Year of the Gorilla?

photo by sangamithra iyerBig Gorilla Butts.  They are one of the most amazing things I have ever seen. I remember the boom boom in my heart the moment a silverback walked in front of us.  Rachel and I were in the Virunga National Park in Rwanda.  I held my breath and squeezed her tight.

Two days earlier, we visited a genocide memorial at a church where 5,000 people took refuge only to be slaughtered in 1994.  We walked amongst their remains.  Bones sorted and stacked. Rosaries, combs and shoes strewn about.  Pages of children’s notebooks flapping with the slight breeze.  Rwanda’s population was decimated a decade ago.

Now we were walking among another diminishing population.  Roughly 700 Mountain gorillas lived in the world, spread among the border of Rwanda, Uganda and the Democratic Republic of Congo.  To be in there presence is humbling.  So powerful, yet so gentile.   Lives so magnificent, but so vulnerable.  (See the Satya article about this trip)

Gorillas have no natural predator, except for  humans, their evoluntionary kin.  We have common ancestors and our two species have shared nine million years of co-existence.  But in the last few decades, we have driven them towards extinction.

In West Africa, it is the logging and illegal bushmeat trade are the key players in exterminating lowland Gorillas and chimpanzees.  Sheri Speede who runs IDA-Africa’s chimpanzee sanctuary in Cameroon, once told me that there aren’t many baby gorillas in sanctuary, because they often don’t survive without their mothers.  Their grief is too strong and they lose the will to live.

While Rwanda and Uganda seem committed to protecting their gorilla habitats, across the border in the DRC, there are no such protections.  In 2007, a family of mountain gorillas were murdered. Last year, rebels part of Gen. Nkunda’s faction took over the national park.  Remnants of Rwanda’s genocide have spilled over into eastern Congo.  It is alleged that Rwanda government is supporting Nkunda.   Resource extraction—wood for charcoal, coltan for celphones—also threaten the Mountain gorillas of the DRC.

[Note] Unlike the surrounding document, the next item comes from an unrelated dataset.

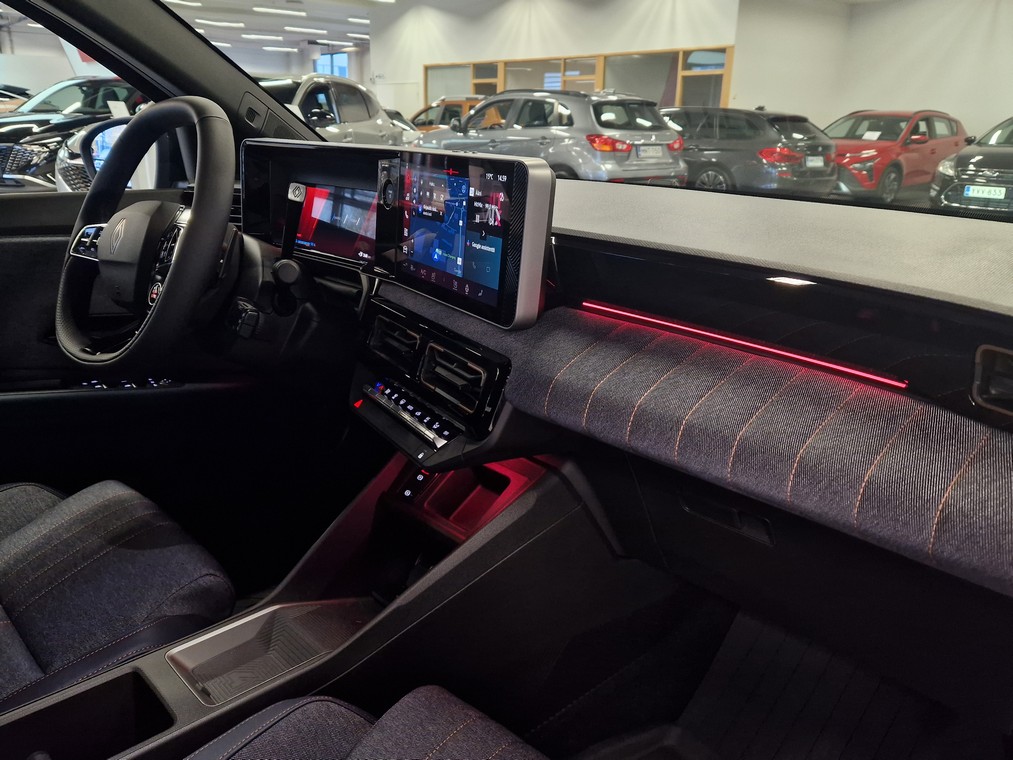 Renault 4 E-TECH ELECTRIC 150HV COMFORT RANGE TECHNO.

There was some promising news in the Republic of Congo this year, when 125,000 western lowland gorillas were discovered.  (Shh, don’t tell anybody.)

In an effort to “to help save our endangered ‘primate cousins’, the gorillas, from extinction,”  the UNEP  just declared 2009, the Year of the Gorilla.

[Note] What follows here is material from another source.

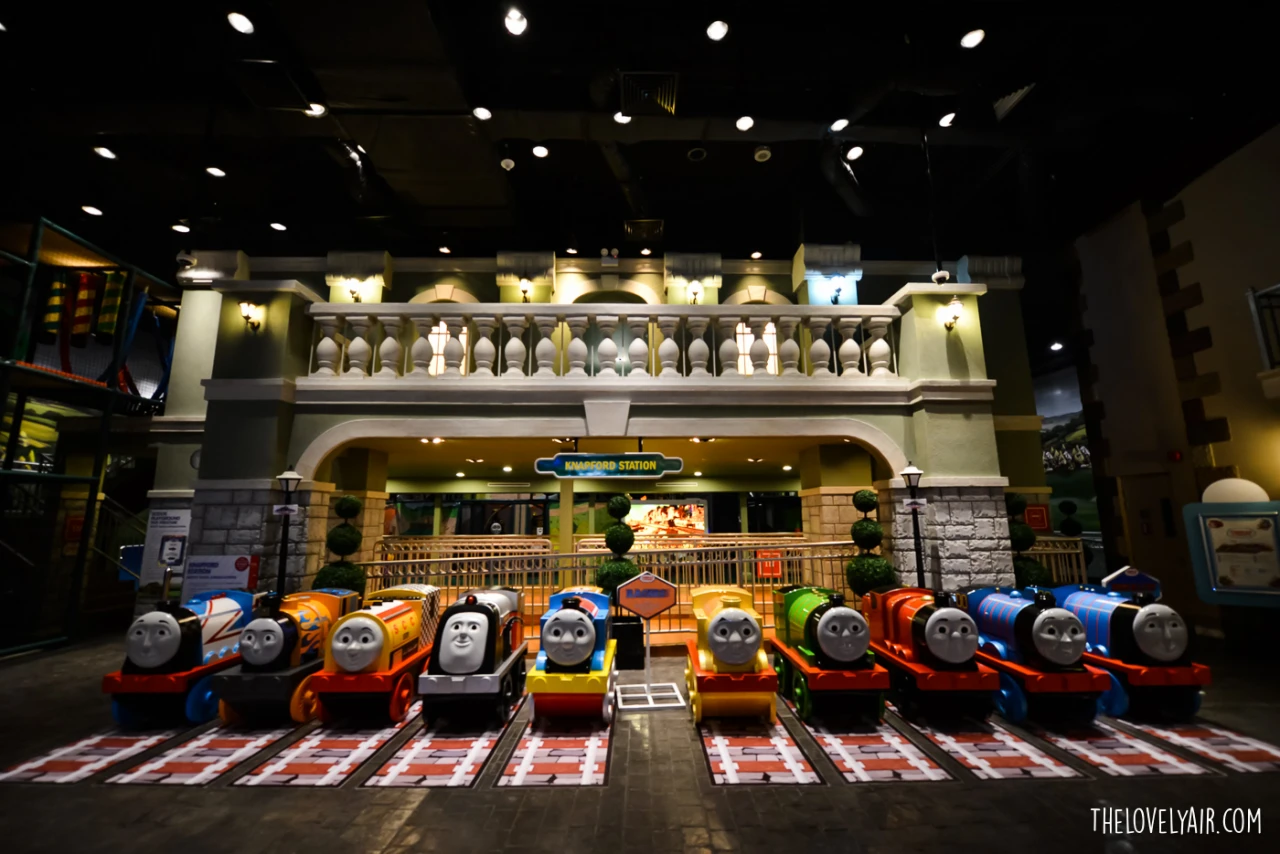 Lego Land & Sanrio Hello Kitty Town - TheLovelyAir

It’s hard to say what exactly this will entail. So far on the website  an ice-skating fundraiser in London, is what is listed in the  “events” for the year.  (Gorillas on Ice!?)

To really address this issue requires a comprehensive and holistic approach to tackling the links between conflict, resource extraction, the arms trade and disease, targeting not only poachers but  the multinationals taking timber and minerals out of these countries.   An ice-skating fundraiser probably won’t cut it.

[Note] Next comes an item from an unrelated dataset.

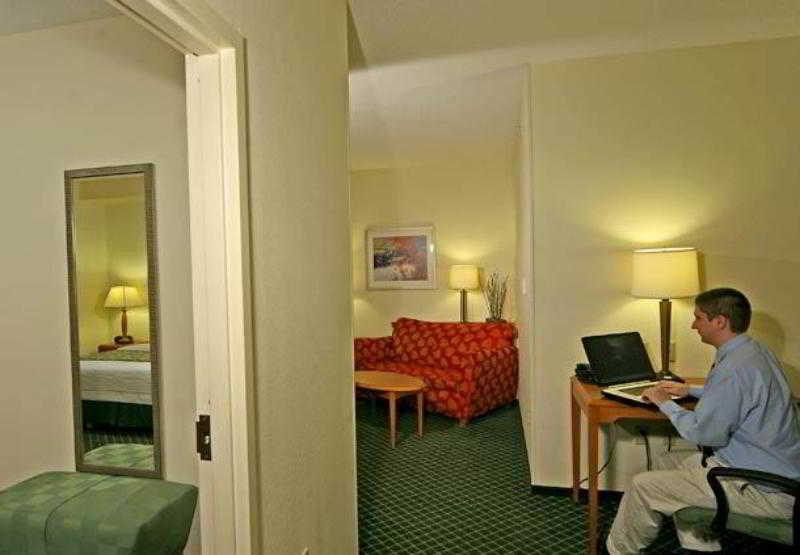 Hotel Fairfield Inn and Suites Birmingham FultondaleI-65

It is a serious and complex crisis that requires a serious and complex response.  Take a look at their faces.

photo by sangamithra iyer

Don’t we owe them more than just a year?


~ by sangamithra on January 12, 2009.

One Response to “Year of the Gorilla?”

  1. Fantastic post!
    Gorilla’s are amazing animals and you are both so very lucky to have seen them in their natural habitat.